Version 13 (modified by anonymous, 19 years ago) (diff) |
---|
Extractor
Java Interface
Probably equal to:
- source:trunk/gnowsis/src/org/gnowsis/data/extractor/ExtractorPlaintext.java and
- source:/trunk/gnoDesktopSearch/src/java/org/gnowsis/desktopsearch/extractor/DocumentExtractor.java
/** * * Extractors are used to extract metadata and fulltext from InputStreams, * the inputstream is in a format passed by Mime-Type. * These extractors can produce metadatamaps. */ public interface Extractor { /** * return a plaintext representation of the file * @param source the file to look into * @param mimetype the mimetype that has been identified by gnowsis that this file is * @return null or a string.

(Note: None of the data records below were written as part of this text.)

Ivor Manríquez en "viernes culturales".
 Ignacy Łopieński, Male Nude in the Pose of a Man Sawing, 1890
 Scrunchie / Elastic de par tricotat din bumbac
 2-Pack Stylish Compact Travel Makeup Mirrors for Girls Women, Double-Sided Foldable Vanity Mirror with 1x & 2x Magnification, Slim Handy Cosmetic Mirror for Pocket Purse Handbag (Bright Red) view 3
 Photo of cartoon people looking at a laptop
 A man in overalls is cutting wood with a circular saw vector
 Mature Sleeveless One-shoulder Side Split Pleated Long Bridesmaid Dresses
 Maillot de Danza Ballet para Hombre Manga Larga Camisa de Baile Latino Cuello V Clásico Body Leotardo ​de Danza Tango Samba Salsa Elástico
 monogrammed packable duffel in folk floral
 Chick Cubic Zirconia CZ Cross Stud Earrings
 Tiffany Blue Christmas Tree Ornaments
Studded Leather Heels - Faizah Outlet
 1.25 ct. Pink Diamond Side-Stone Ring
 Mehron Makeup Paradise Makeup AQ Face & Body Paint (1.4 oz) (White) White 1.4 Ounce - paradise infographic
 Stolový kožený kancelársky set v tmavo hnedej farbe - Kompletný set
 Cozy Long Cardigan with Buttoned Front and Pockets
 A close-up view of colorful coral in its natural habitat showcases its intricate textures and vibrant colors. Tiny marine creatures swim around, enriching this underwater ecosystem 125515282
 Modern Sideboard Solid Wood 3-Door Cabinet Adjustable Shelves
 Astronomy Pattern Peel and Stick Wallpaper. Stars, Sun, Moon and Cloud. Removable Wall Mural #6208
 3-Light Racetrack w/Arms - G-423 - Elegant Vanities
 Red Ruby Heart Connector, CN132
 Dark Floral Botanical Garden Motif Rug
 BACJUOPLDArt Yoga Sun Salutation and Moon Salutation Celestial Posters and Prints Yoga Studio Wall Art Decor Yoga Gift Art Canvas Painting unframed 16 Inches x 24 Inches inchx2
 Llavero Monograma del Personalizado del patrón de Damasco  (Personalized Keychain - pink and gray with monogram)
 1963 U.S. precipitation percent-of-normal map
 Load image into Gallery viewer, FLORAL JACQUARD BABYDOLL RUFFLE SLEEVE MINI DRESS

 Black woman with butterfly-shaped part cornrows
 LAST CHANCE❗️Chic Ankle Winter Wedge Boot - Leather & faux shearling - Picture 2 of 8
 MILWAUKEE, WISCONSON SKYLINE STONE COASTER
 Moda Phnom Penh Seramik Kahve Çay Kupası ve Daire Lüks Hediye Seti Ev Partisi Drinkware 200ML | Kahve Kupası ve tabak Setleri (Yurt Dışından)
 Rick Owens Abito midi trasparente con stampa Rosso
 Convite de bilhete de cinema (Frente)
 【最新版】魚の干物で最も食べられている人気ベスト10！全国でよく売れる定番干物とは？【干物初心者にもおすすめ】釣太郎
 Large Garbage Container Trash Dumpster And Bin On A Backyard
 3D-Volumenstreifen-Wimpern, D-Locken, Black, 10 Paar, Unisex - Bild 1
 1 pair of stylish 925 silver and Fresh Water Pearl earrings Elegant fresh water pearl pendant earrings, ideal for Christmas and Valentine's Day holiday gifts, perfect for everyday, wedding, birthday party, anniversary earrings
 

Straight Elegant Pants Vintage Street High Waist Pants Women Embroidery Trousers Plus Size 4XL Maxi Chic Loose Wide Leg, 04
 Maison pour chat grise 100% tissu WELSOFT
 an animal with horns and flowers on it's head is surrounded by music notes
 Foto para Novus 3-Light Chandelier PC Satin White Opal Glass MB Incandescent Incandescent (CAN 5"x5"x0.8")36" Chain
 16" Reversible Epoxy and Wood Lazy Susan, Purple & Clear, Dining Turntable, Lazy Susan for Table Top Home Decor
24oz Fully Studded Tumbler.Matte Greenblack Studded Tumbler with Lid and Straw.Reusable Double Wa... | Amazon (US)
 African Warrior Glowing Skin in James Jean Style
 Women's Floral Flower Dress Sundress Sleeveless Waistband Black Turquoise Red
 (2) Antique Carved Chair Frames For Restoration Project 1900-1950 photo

Null is returned, if no plaintext is in the file. If it could not be * extracted, an exception is thrown. * @throws ExtractionException when something goes wrong with extraction * @throws FileNotFoundException when the file is not existant */ public String getPlaintext(File source, String mimetype) throws FileNotFoundException, ExtractionException ; /** * create a lucene document. * To see what fields would be needed, look at the top of this class. * @param file * @param uri the uri identifying the passed file. You may need it when you add sophisticated rdf information * @param mimetype the mimetype of the passed file/stream. If your extractor can handle multiple mime-types, this can be handy. * @param options optional options that may help you. * @return a lucene document */ public Document createLuceneDocument(File file, String uri, String mimetype, Object options) throws IOException, DocumentExtractorException; public Document createLuceneDocument(InputStream stream, String uri, String mimetype, Object options) throws IOException, DocumentExtractorException; }
A better alternative may be:
public interface Extractor { public void extract(URI id, InputStream stream, Charset charset, String mimetype, Repository repository); }
Notes:
- The mimetype is specified because the same Extractor can be used for several mimetypes (e.g. OpenOfficeExtractor or OpenDocumentExtractor) while there may be slight differences for different mimetypes.
- A Sesame Repository is specified to the Extractor to put its contents in. The application can then decide whether this is an in-memory repository where only this Extractor is operating on, whether the statements go directly into a persistent storage, whether an optimized Repository implementation is used, etc.